Woidke nimmt Kurs auf „Kenia“: In Brandenburg ist eine Koalition aus SPD, CDU und Grünen wahrscheinlich
In Brandenburg könnte es ein „Kenia“-Bündnis aus Schwarz-Rot-Grün geben. Die CDU zeigt sich offen für Gespräche, die Linkspartei ist wohl außen vor.
In Brandenburg peilt SPD-Ministerpräsident Dietmar Woidke nach seinem Sieg bei der Landtagswahl gemeinsam mit der CDU und den Grünen ein „Kenia“-Bündnis an. „Entscheidend ist, dass Brandenburg eine stabile und gute Mehrheit bekommt“, sagte Woidke im Tagesspiegel-Interview. Mit dem Ausgang der Wahl im Land hätte rechnerisch nur die rot-schwarz-grüne „Kenia“-Koalition mit den bisher oppositionellen Grünen und Christdemokraten eine solide Mehrheit von fünf Mandaten, während Rot- Rot-Grün mit nur einer einzigen Stimme Vorsprung regieren müsste.
Woidke kündigte an, dass er ab Donnerstag alle Fraktionen außer der AfD zu Sondierungsgesprächen einladen will. Wie er bestätigte, hat er bereits vor Schließung der Wahllokale mit CDU-Parteichef Ingo Senftleben telefoniert, als das Ergebnis absehbar gewesen sei. Senftleben steht in der eigenen Partei allerdings wegen des miserablen Abschneidens der CDU unter Druck. „Die Demokratie und Brandenburg hat nichts davon, wenn sich ein potenzieller Koalitionspartner selbst zerfleddert“, sagte Woidke: „Eine CDU-Schlachteplatte wäre kein schönes Bild.“
Am Montagabend berichtete der rbb, die CDU in Brandenburg habe beschlossen, mit SPD, Grünen und Freien Wählern Sondierungsgespräche zu führen. Der ehemalige Spitzenkandidat Ingo Senftleben sei demnach Teil der Sondierungsgruppe.

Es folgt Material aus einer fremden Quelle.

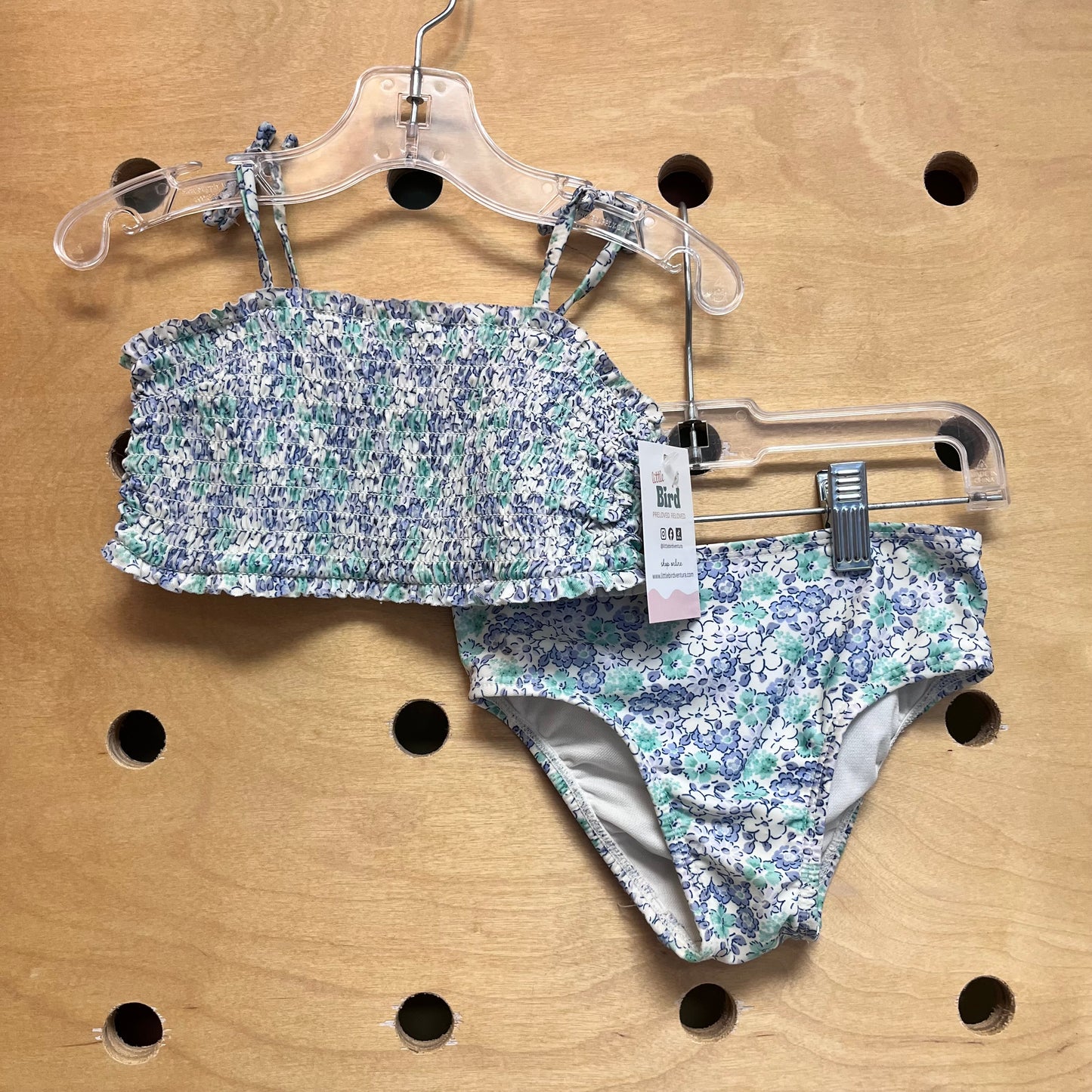 Blue/Green Floral Smocked Swimsuit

Auch die CDU-Bundesspitze wünscht sich offenbar „Kenia“ in Brandenburg: Senftleben habe die volle Rückendeckung des CDU-Präsidiums und des CDU-Vorstandes, sagte die CDU-Vorsitzende Annegret Kramp-Karrenbauer nach Gremiensitzungen in Berlin. Woidke solle die CDU „als Stimme der Vernunft“ in die Verantwortung einbeziehen.
CDU ermuntert Senftleben
Man habe Senftleben „ermuntert und ermutigt“, dieser Verantwortung gerecht zu werden, um Rot-Rot-Grün zu verhindern. „Für Brandenburg geht es darum, eine stabile Regierung zu gestalten.“ Zugleich betonte Kramp-Karrenbauer, es gelte weiter der Beschluss, „dass es mit der AfD keine Regierung geben wird“. Man grenze sich klar ab von einer Haltung, die sich auf das Schlecht- und Angstmachen konzentriere. „Stattdessen bauen wir Brücken, wenn es um die Gestaltung der Zukunft geht.“
Rot-Rot-Grün schließt Woidke allerdings nicht aus. Mit den Linken habe es eine gute Kooperation gegeben. Gegenüber den Grünen, die er oft kritisiert hatte, schlug Woidke neue Töne an: „Ich schätze sie als ernst zu nehmende Gesprächspartner“, sagte er. „Und ich weiß, was geht und was nicht geht.“
Grünen-Landeschefin Petra Budke ließ beide Optionen offen und betonte, dass es um einen nötigen Richtungswechsel im Land gehe. „Wir sind keine einfachen Mehrheitsbeschaffer.“
Auch in Sachsen ist rechnerisch ein „Kenia“-Bündnis die wahrscheinlichste Option, aber unter Führung der CDU – bisher gibt es diese Koalitionsvariante nur in Sachsen-Anhalt. „Kenia“ könnte plötzlich zur bestimmenden Koalitionsvariante im Osten werden. Sachsens Ministerpräsident Michael Kretschmer (CDU) rechnet mit einer längeren Regierungsbildung. Er hatte vor der Wahl gesagt, dass er mit den Grünen eigentlich nicht regieren wolle.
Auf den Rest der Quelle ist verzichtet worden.